4) Simplifying methods

Simplifying methods is a refactoring approach that reduces the internal complexity of existing methods. It makes the logic inside each method clearer and more direct.

Rather than breaking a method into multiple smaller ones, this technique addresses complicated conditional expressions, overly long parameter lists or hard-to-follow method calls within a single method. Some techniques to simplify methods include the following:

  • Replacing nested conditionals with guard clauses to flatten the structure.
  • Consolidating duplicate conditional code.
  • Introducing parameter objects to streamline method signatures.

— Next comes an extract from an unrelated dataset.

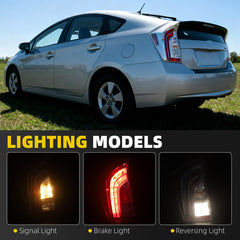 Left Driver Side Tail Light Compatible with 2012-2015 Toyota Prius Rear Tail Lamp Replaces# TO2800189 8156147190 With Halogen Bulbs（5pins）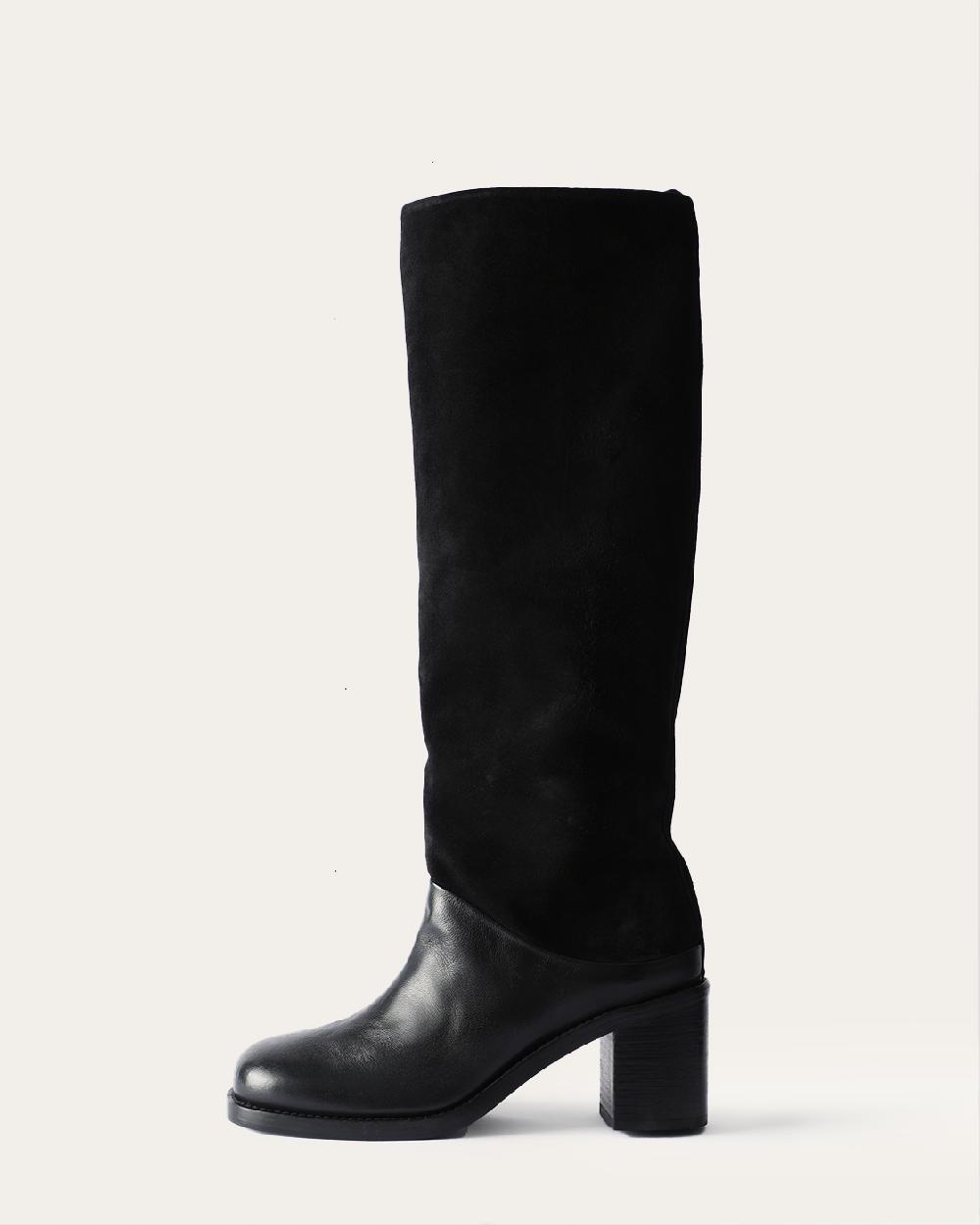 rejina pyo Shania Boots Suede and Leather Black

These techniques make the method's logic easier to follow at a glance, thereby improving maintainability and reducing the risk of introducing bugs during modifications.

Here's an example, starting with a very complicated check_access method that nests many conditionals, making it especially hard to read.

def check_access(user_status, user_role, subscription_level, resource_type):
	if user_status == "active":
  	if user_role == "admin":
    	if resource_type == "sensitive":
      	# Admins always have access to sensitive resources if active
      	return True
    	else:
      	# Admins have access to all non-sensitive resources if active
      	return True
  	else: # user_role is not admin
    	if subscription_level == "premium":
      	if resource_type != "sensitive":
        	# Premium users have access to non-sensitive resources if active and not admin
        	return True
      	else:
        	# Premium users cannot access sensitive resources even if active and not admin
        	return False
    	else: # subscription_level is not premium
      	if resource_type == "public":
        	# Non-premium, non-admin active users can only access public resources
        	return True
      	else:
        	# Non-premium, non-admin active users cannot access non-public resources
        	return False
	else: # user_status is not active
  	# Inactive users have no access
  	return False

# Example Usage
print(f"Admin active, sensitive resource: {check_access('active', 'admin', 'premium', 'sensitive')}")
print(f"User active, premium, non-sensitive resource: {check_access('active', 'user', 'premium', 'standard')}")
print(f"User active, basic, public resource: {check_access('active', 'user', 'basic', 'public')}")
print(f"User active, basic, sensitive resource: {check_access('active', 'user', 'basic', 'sensitive')}")
print(f"Inactive user, admin, sensitive resource: {check_access('inactive', 'admin', 'premium', 'sensitive')}")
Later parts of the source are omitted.